Image-text web data
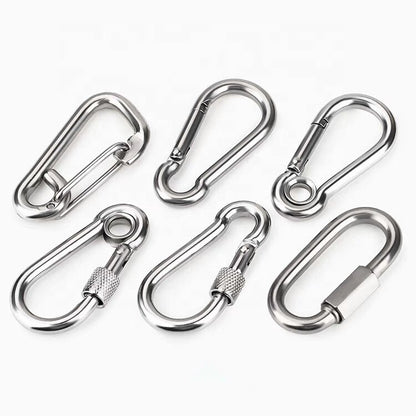 Real Stainless Steel 316 Hardware Rigging Snap Hook with Screw DIN Boat Accessories for Sun Shade Sail 10pcs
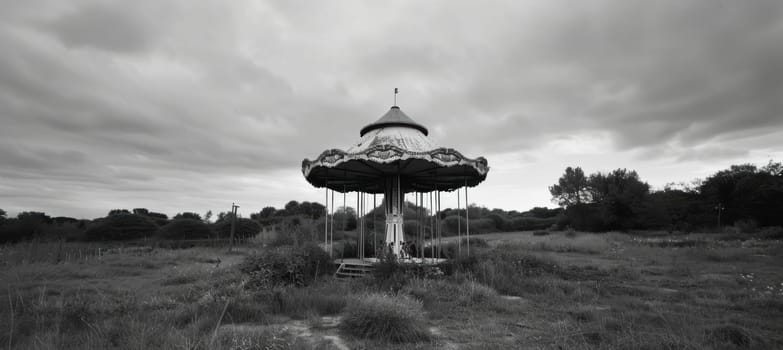 Black and white photo of a deserted carousel amid an overgrown field, conjuring nostalgia and forgotten joy. the desolate atmosphere, coupled with stark contrasts, emphasizes the passage of time and the eerie stillness of the scene.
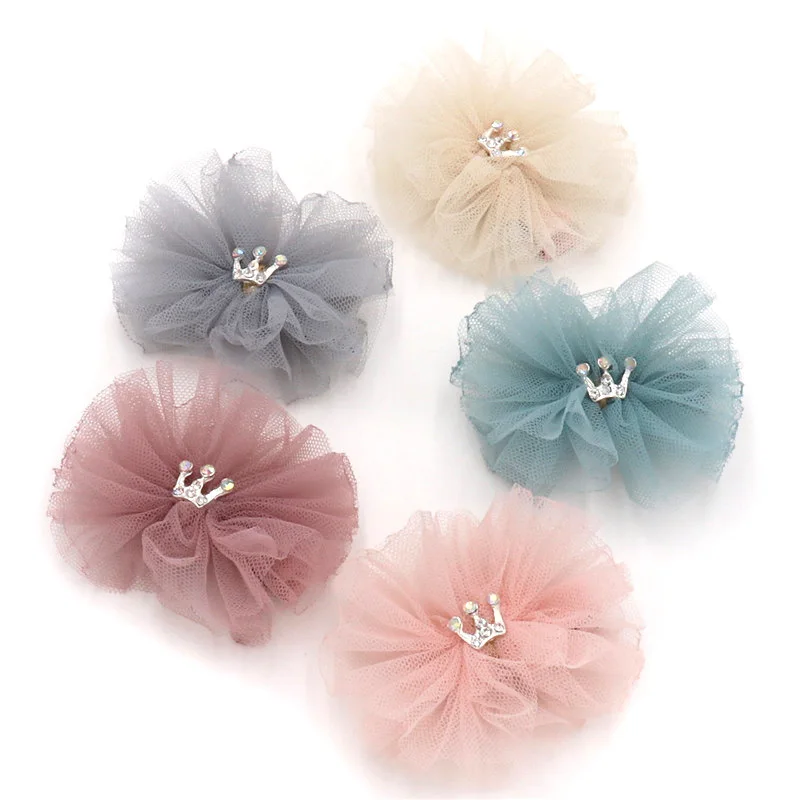 Модные детские заколки для волос с цветами кружевные бантом в стиле принцессы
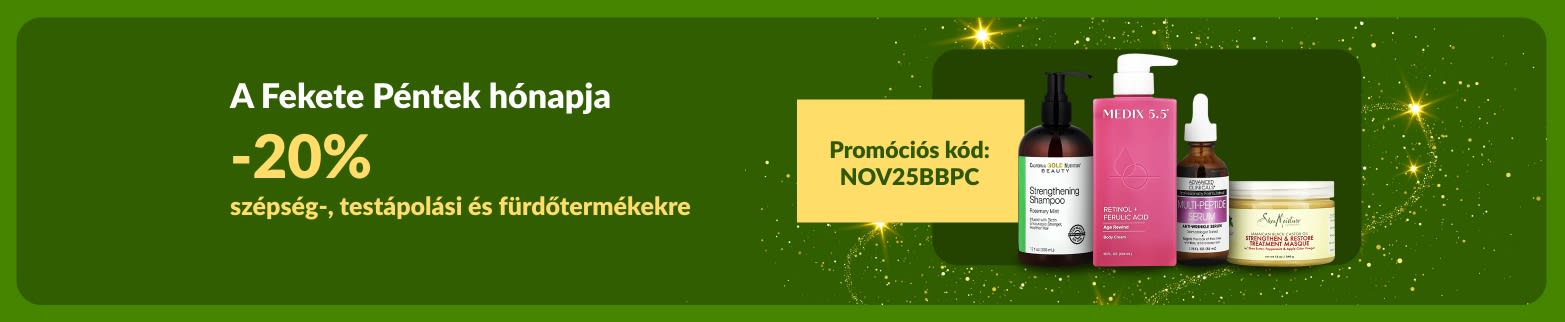Az iHerb Fekete Péntek havi bannerje 20% kedvezményt kínál szépségápolási, fürdő- és testápolási termékekre a NOV25BBPC promóciós kóddal.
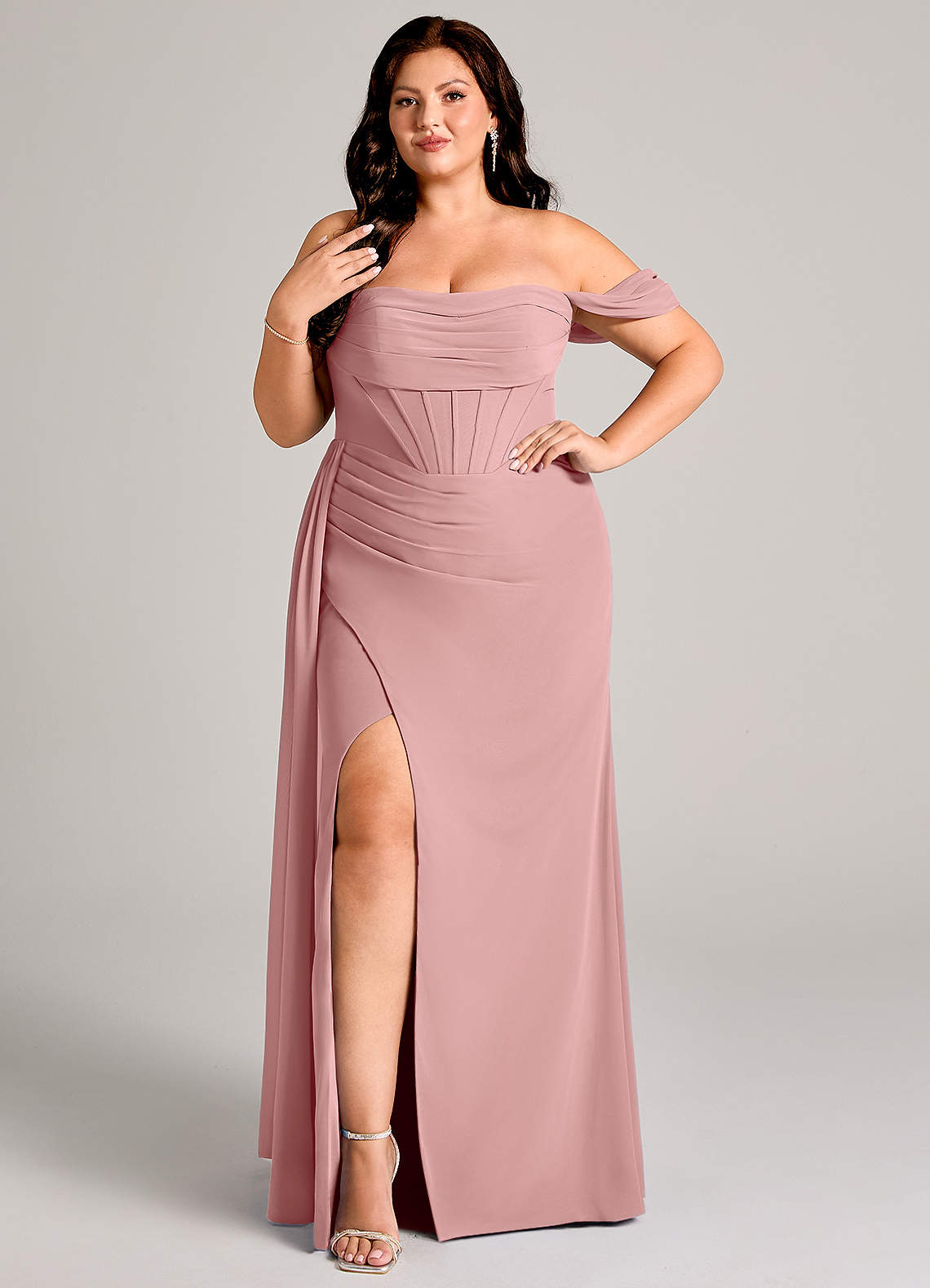 Azazie Amyra Bridesmaid Dresses Dusty Rose Sheath Off the Shoulder Chiffon Convertible Dress image1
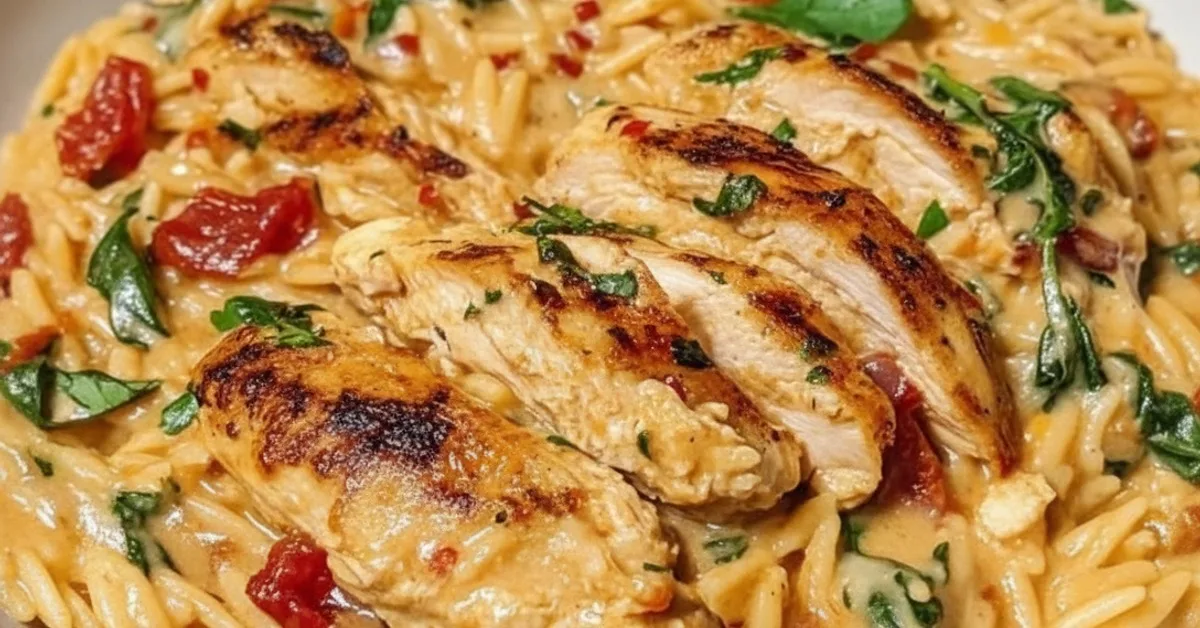 The Ultimate Creamy Tuscan Chicken Orzo – A One-Pan Delight!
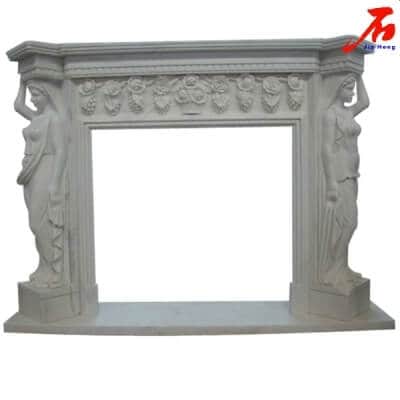 White Marble Fireplace with Hand Caved Angels JHI2127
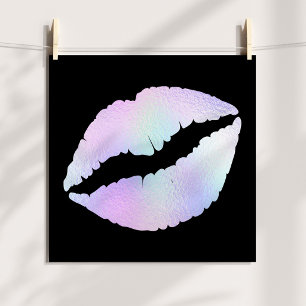 Pastel Iridescent Folie Lipstick Kus op Zwart Poster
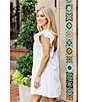Color:White - Image 6 - Zara Embroidered Crew Neck Ruffle Cap Sleeve Novelty Trim Tiered Waistless Dress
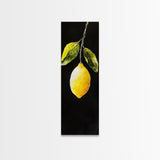 Minimalist Lemon Art Botanical Print on Black Canvas, Framed Option Available, Living Room Decor, Citrus Art, Modern Kitchen Wall Art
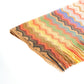 Geometric Pattern Fringe Scarf in Vibrant Hues
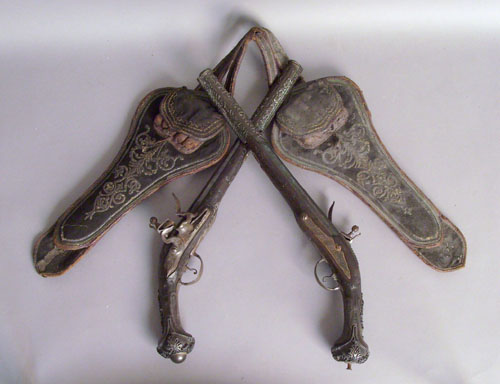 Appraisal: Pair of Turkish flintlock pistols th c with holster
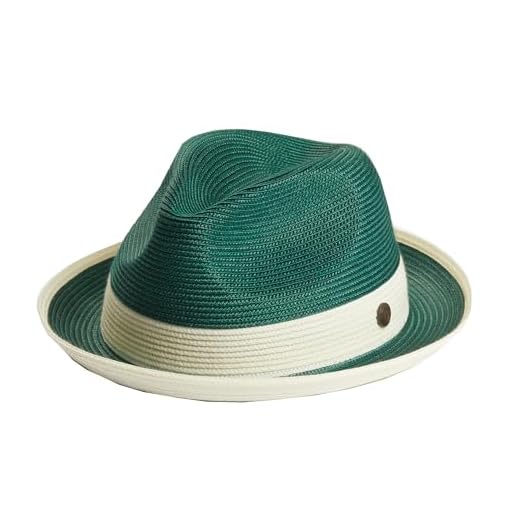 DASMARCA Mens Summer Crushable & Packable Straw Fedora Hat - Florence, Emerald, XXL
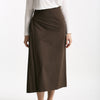 Gonna midi in cotone marrone donna Incotex - 6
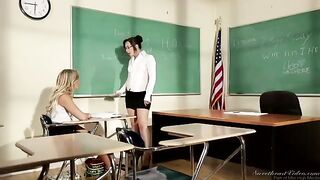 The girl student is being seduced by her teacher in a steamy encounter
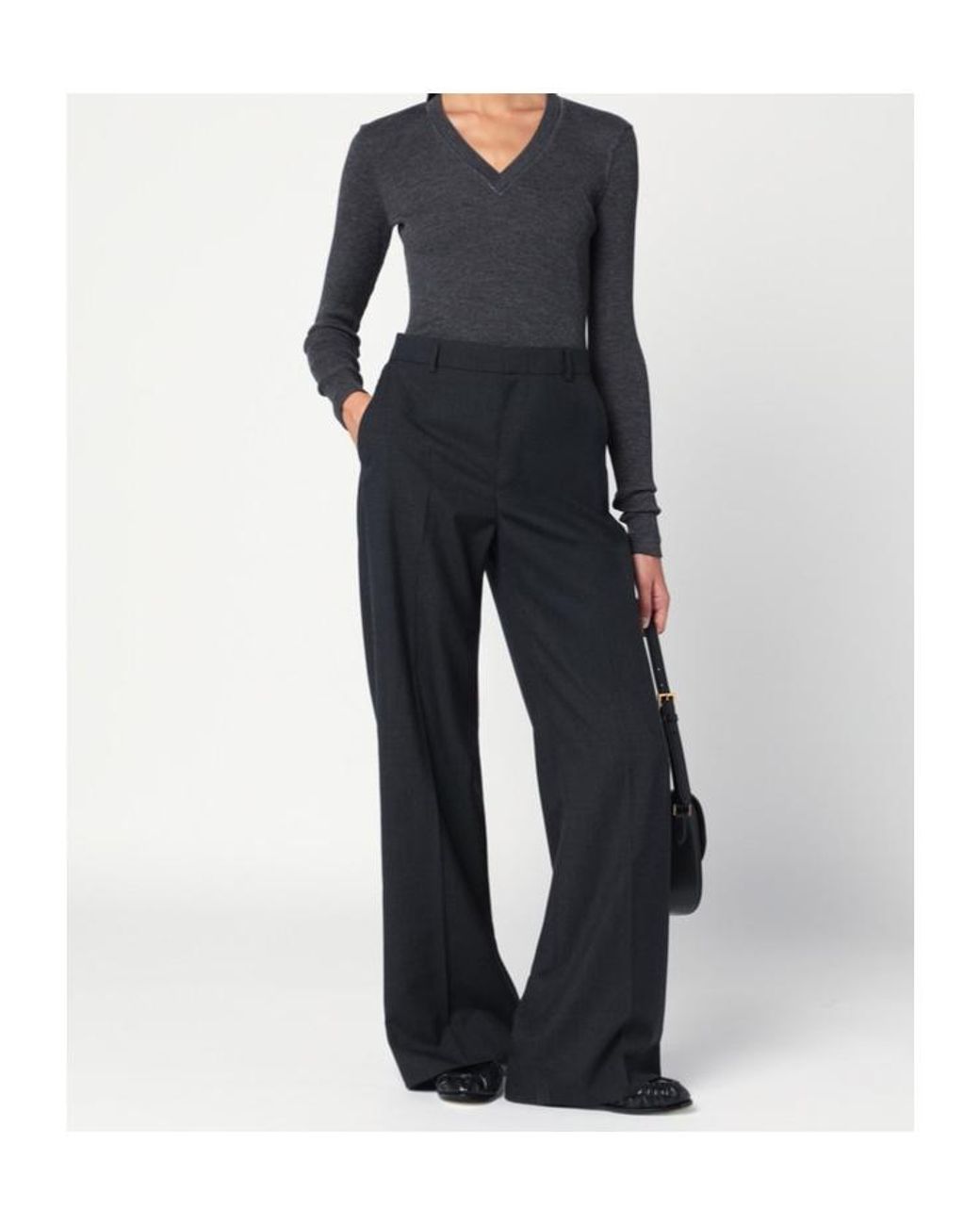 Brunello Cucinelli Blue Shiny Trim Ribbed Top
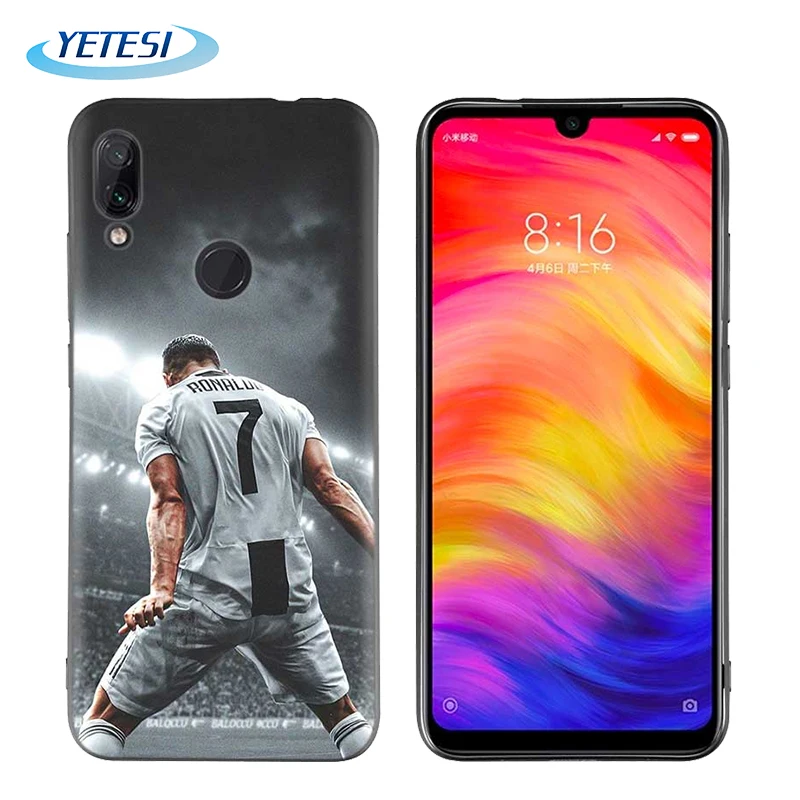 

Hot sale liquid Silicone cell phone case for Redmi Note6 Soft TPU back cover with Cristiano Ronaldo, Black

## About this task
For this exercise, the lines from the one containing "Azazie Amyra Bridesmaid" through the last line of the entries above are to be output exactly, both included, and pictures are skipped.

## Exercise response
 Azazie Amyra Bridesmaid Dresses Dusty Rose Sheath Off the Shoulder Chiffon Convertible Dress image1
 The Ultimate Creamy Tuscan Chicken Orzo – A One-Pan Delight!
 White Marble Fireplace with Hand Caved Angels JHI2127
 Pastel Iridescent Folie Lipstick Kus op Zwart Poster
Color:White - Image 6 - Zara Embroidered Crew Neck Ruffle Cap Sleeve Novelty Trim Tiered Waistless Dress
 Minimalist Lemon Art Botanical Print on Black Canvas, Framed Option Available, Living Room Decor, Citrus Art, Modern Kitchen Wall Art
 Geometric Pattern Fringe Scarf in Vibrant Hues
 Appraisal: Pair of Turkish flintlock pistols th c with holster
 DASMARCA Mens Summer Crushable & Packable Straw Fedora Hat - Florence, Emerald, XXL
 Gonna midi in cotone marrone donna Incotex - 6
 The girl student is being seduced by her teacher in a steamy encounter
 Brunello Cucinelli Blue Shiny Trim Ribbed Top

Hot sale liquid Silicone cell phone case for Redmi Note6 Soft TPU back cover with Cristiano Ronaldo, Black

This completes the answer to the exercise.